Reshoring timelines are tightening due to shifting trade policies, yet finding experienced plant leadership often takes six months or longer. How can manufacturers better align their facility expansion schedules with talent acquisition? What are the primary trade-offs when hiring for speed versus specific industry experience?
One of the biggest mistakes I see is treating talent acquisition as a reactive task that starts after the capital expenditure is approved. Most reshoring timelines are incredibly compressed due to new tariffs, yet finding a VP of Manufacturing or a Plant Director can easily take four to six months—or even longer if the requirements are niche. Manufacturers must assess the talent market depth before they even finalize a site selection, ensuring the local engineering pipeline actually exists to support the build. If you hire for speed, you often end up with a leader who has the right “title” but lacks the specific experience of standing up a greenfield facility from scratch. The trade-off is often a slower ramp-up to full capacity, which can cost millions in lost production if the leader can’t manage the ambiguity of a new build.
Internal training for controls and automation engineers has significantly declined over the last decade as work was outsourced. How can organizations re-establish these pipelines for PLC and SCADA expertise?
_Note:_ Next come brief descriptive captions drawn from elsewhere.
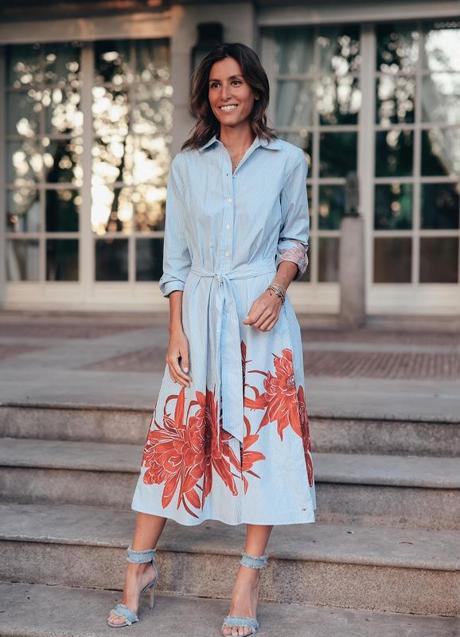 Imagen - Lunes: El vestido camisero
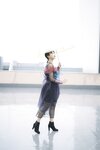 [Photobook] 坂ノ上茜　グラから見るか？エモから見るか？　ヤンマガデジタル写真集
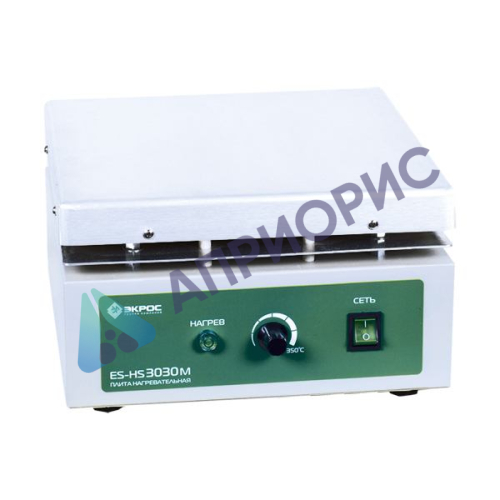 Калибровка плиты нагревательной ES-HS3545М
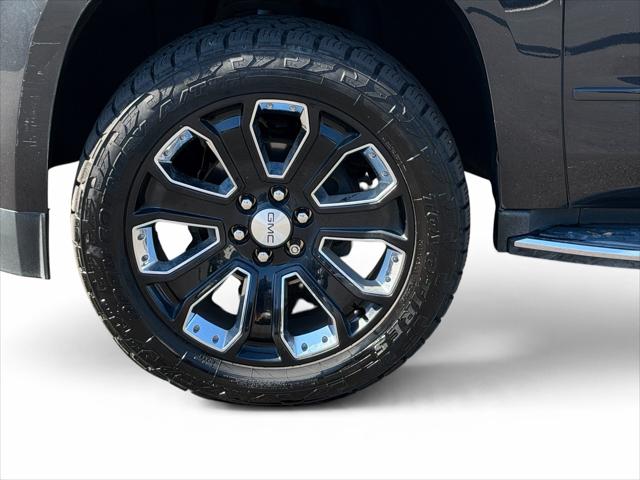2020 GMC Yukon 4WD SLT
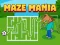 Spel Maze Mania på nätet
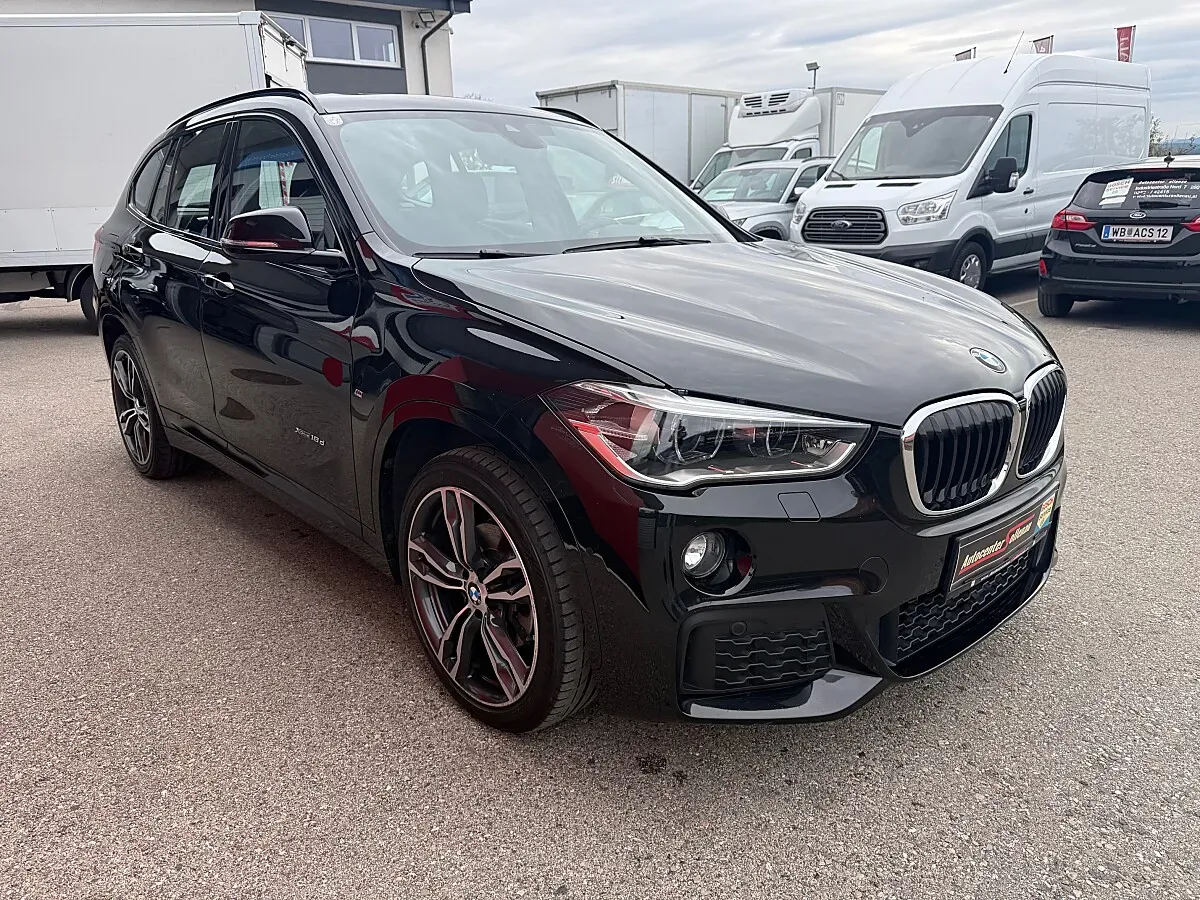 BMW X1 2016 photo 3
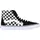 Vans Sk8-Hi Checkerboard black/true white 36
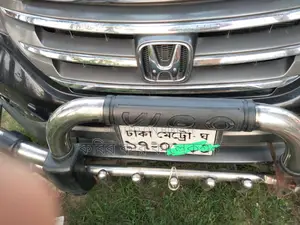 Honda CR-V black 2012
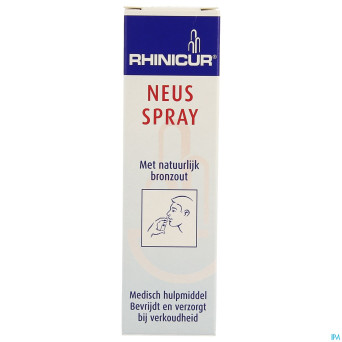 Rhinicur spray nasal    20ml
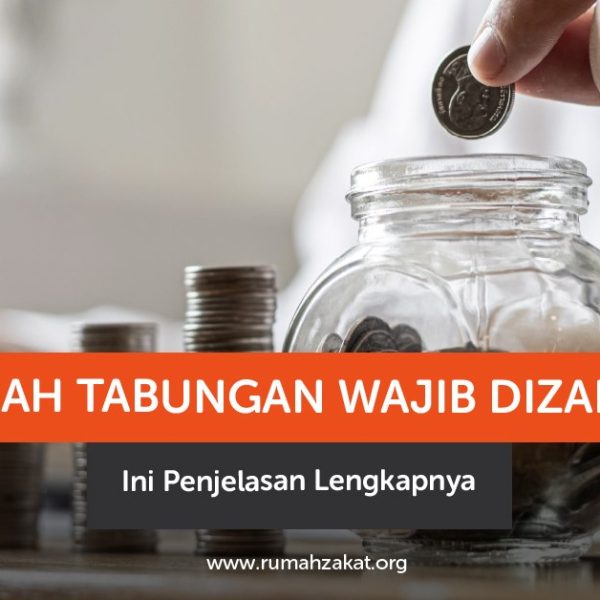 Ilustrasi Zakat Tabungan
What specific anecdotes or performance metrics demonstrate that a candidate truly possesses hands-on digital literacy?
We are paying the price for a decade of outsourcing controls work to OEMs, which effectively gutted our internal training pipelines for PLC programming and SCADA integration. To re-establish these pipelines, organizations need to bring that expertise back in-house by creating formal mentorship programs where senior engineers transition from “doing” to “teaching.” You can identify true digital literacy when a candidate can walk a production line and explain exactly how a control system’s data correlates to a physical bottleneck they see with their own eyes. I look for candidates who can describe a specific instance where they modified an HMI or PLC script to solve a safety issue or a cycle-time lag. If they can’t talk through the logic of the code and the physical result simultaneously, they likely lack the hands-on depth required for modern facilities.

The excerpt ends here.